Démissionner ? Une option, mais pas maintenant
Mahmoud Abbas pourra-t-il redresser la barre ? « Oui, affirme Khalil Shikaki, s’il prend des mesures fortes comme porter plainte contre Israël devant la Cour pénale internationale sur la colonisation, ou s’il scelle la réconciliation avec Gaza, il pourrait améliorer sa popularité. »
Et démissionner ? Une option souvent brandie par l’intéressé lui-même. « Je pense qu’Abbas est assez déçu et désabusé pour quitter l’Autorité palestinienne, estime Ashraf Ajrami, ancien ministre palestinien et analyste politique. Mais il choisira le moment opportun. Parce que son parti, le Fatah, n’est pas encore prêt pour un tel changement et le pouvoir palestinien non plus. »
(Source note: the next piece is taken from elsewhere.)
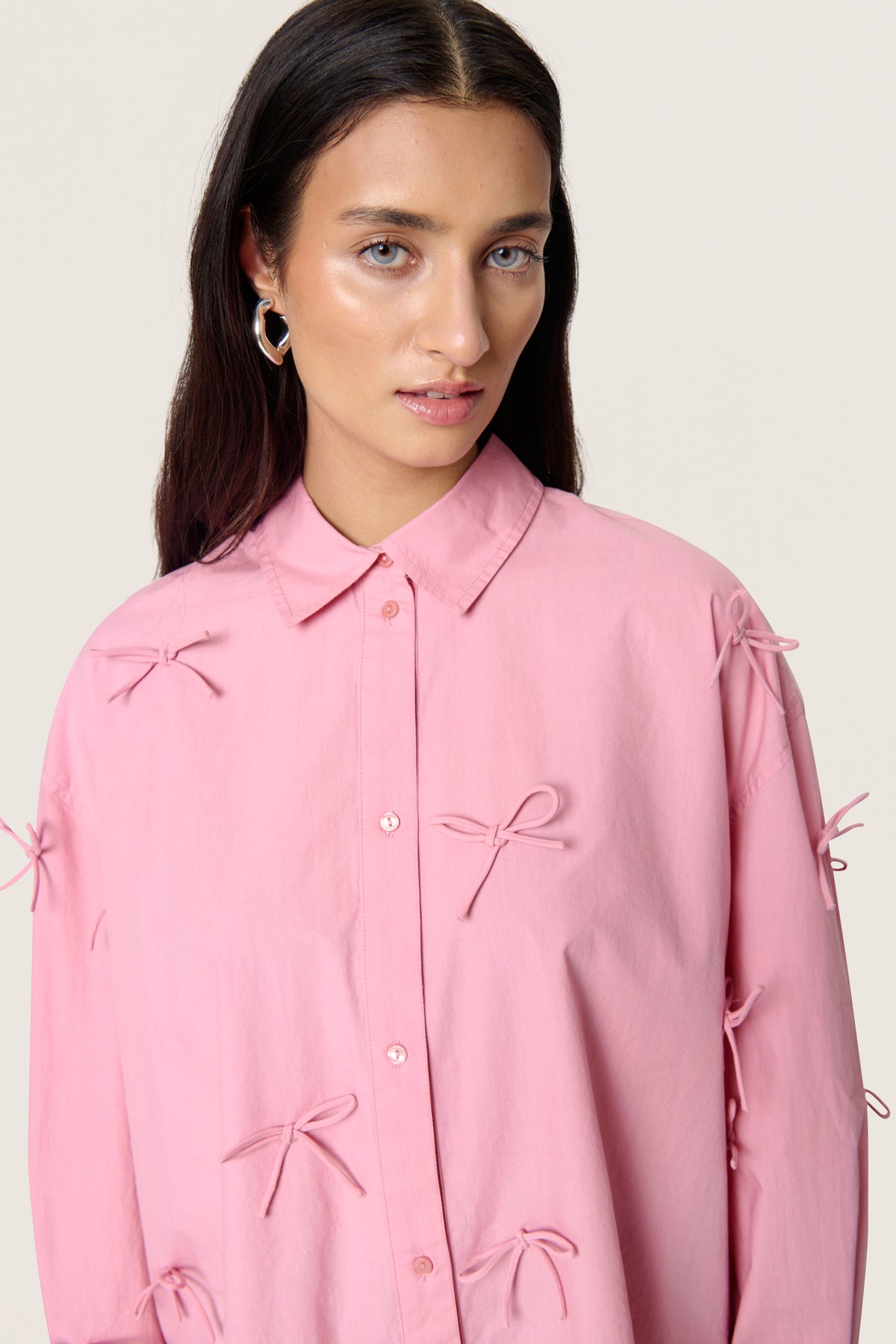 Soaked in Luxury Joa Candy Pink Bow Oversized Shirt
En attendant, Mahmoud Abbas doit faire avec la colère de la rue. Les manifestations de jeunes Palestiniens se multiplient contre l’occupation israélienne. Les récentes violences autour de l’esplanade des Mosquées, suite aux provocations de juifs extrémistes, font craindre un embrasement. Selon le sondeur Khalil Shikaki, 57 % des Palestiniens se prononcent aujourd’hui pour un retour à la lutte armée, un chiffre jamais atteint depuis l’an 2000 et le début de la deuxième intifada.